R U R2 U R' U2 R2 U' R U R U R2 U2
U R U R U2 R' U2 R U' R2 U' R' U R2
R2 U2 R U' R2 U' R U2 R' U2 R U' R'

What do you think?


----------



## Yes We Can! (May 26, 2009)

got 59.54 at the first one


----------



## Escher (May 26, 2009)

I've been practicing this for aaages 

http://mzrg.com/miniSites/scrambler...scramble=2gen&num=5&len=25&subbutton=Scramble!

I average about 5-6s.


----------



## hcbartek (May 26, 2009)

14,86 on first one
25,94 on second
23,94 third


----------



## DAE_JA_VOO (May 26, 2009)

Escher said:


> I've been practicing this for aaages
> 
> http://mzrg.com/miniSites/scrambler...scramble=2gen&num=5&len=25&subbutton=Scramble!
> 
> I average about 5-6s.



Aah! That's fantastic!!! NIce scrambler!

Here are some scrambles, post your times:

1. U' R2 U2 R U' R' U R U R' U2 R U' R2 U2 R' U2 R2 U2 R U' R' U' R' U'
2. U' R U R' U R' U' R U2 R' U' R' U' R' U2 R U' R2 U2 R U2 R' U R' U
3. R U' R2 U R U2 R U' R U2 R U2 R U' R U' R2 U2 R' U' R' U2 R2 U R
4. U2 R' U R U R' U' R U R2 U2 R' U2 R' U R U R2 U' R' U R' U2 R' U
5. R' U R2 U2 R U R2 U' R' U2 R2 U' R' U' R2 U R2 U2 R' U' R U' R2 U' R2 

Escher, did you learn/make new OLLs for some of the cases to achieve such speeds?
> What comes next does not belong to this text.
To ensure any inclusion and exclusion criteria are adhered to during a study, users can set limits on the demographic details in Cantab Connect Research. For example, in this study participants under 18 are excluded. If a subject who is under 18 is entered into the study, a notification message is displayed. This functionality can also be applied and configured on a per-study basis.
Also, did this improve your F2L at all? I have a theory that lots of this could improve your FTL, but it's still a theory 

Edit: Here are my times:

12.55
10.41
(16.22)
8.31
(8.30)

10.42 avg


----------



## hcbartek (May 26, 2009)

```
1.	11,72	U' R2 U2 R U' R' U R U R' U2 R U' R2 U2 R' U2 R2 U2 R U' R' U' R' U'
2.	14,14	U' R U R' U R' U' R U2 R' U' R' U' R' U2 R U' R2 U2 R U2 R' U R' U
3.	11,84	R U' R2 U R U2 R U' R U2 R U2 R U' R U' R2 U2 R' U' R' U2 R2 U R
4.	13,08	U2 R' U R U R' U' R U R2 U2 R' U2 R' U R U R2 U' R' U R' U2 R' U
5.	12,53	R' U R2 U2 R U R2 U' R' U2 R2 U' R' U' R2 U R2 U2 R' U' R U' R2 U' R2
```


----------



## Jacco (May 26, 2009)

8.80 1. U' R2 U2 R U' R' U R U R' U2 R U' R2 U2 R' U2 R2 U2 R U' R' U' R' U'
7.94 2. U' R U R' U R' U' R U2 R' U' R' U' R' U2 R U' R2 U2 R U2 R' U R' U
(13.61) 3. R U' R2 U R U2 R U' R U2 R U2 R U' R U' R2 U2 R' U' R' U2 R2 U R
9.43 4. U2 R' U R U R' U' R U R2 U2 R' U2 R' U R U R2 U' R' U R' U2 R' U
(6.27) 5. R' U R2 U2 R U R2 U' R' U2 R2 U' R' U' R2 U R2 U2 R' U' R U' R2 U' R2 

8.69 average.
Hehe, that's funny, but I've never practised it.


----------



## Neutrals01 (May 26, 2009)

pll algos needed? my oll and pll aren't 2 gen... =.= haven't try yet...no cubes with me now...


----------



## masterofthebass (May 26, 2009)

7.93, 7.19, 7.05, 8.62, 6.07


----------



## Sa967St (May 26, 2009)

DAE_JA_VOO said:


> R U R2 U R' U2 R2 U' R U R U R2 U2
> U R U R U2 R' U2 R U' R2 U' R' U R2
> R2 U2 R U' R2 U' R U2 R' U2 R U' R'



9.31, 8.40, 7.25

fun 



DAE_JA_VOO said:


> 1. U' R2 U2 R U' R' U R U R' U2 R U' R2 U2 R' U2 R2 U2 R U' R' U' R' U'
> 2. U' R U R' U R' U' R U2 R' U' R' U' R' U2 R U' R2 U2 R U2 R' U R' U
> 3. R U' R2 U R U2 R U' R U2 R U2 R U' R U' R2 U2 R' U' R' U2 R2 U R
> 4. U2 R' U R U R' U' R U R2 U2 R' U2 R' U R U R2 U' R' U R' U2 R' U
> 5. R' U R2 U2 R U R2 U' R' U2 R2 U' R' U' R2 U R2 U2 R' U' R U' R2 U' R2



8.00, 6.88, 9.27, 8.59, 7.06


----------



## Ellis (May 26, 2009)

10.42, (10.60), 9.84, 6.44, (6.20) = 8.90

I don't know how to solve one of the corner OLLs with RU. It kept coming up and I had to try and randomly break it down.


----------



## Dene (May 26, 2009)

Solving 2 gen is hardly a new idea... Some people average 5~


----------



## Sa967St (May 26, 2009)

Ellis said:


> I don't know how to solve one of the corner OLLs with RU. It kept coming up and I had to try and randomly break it down.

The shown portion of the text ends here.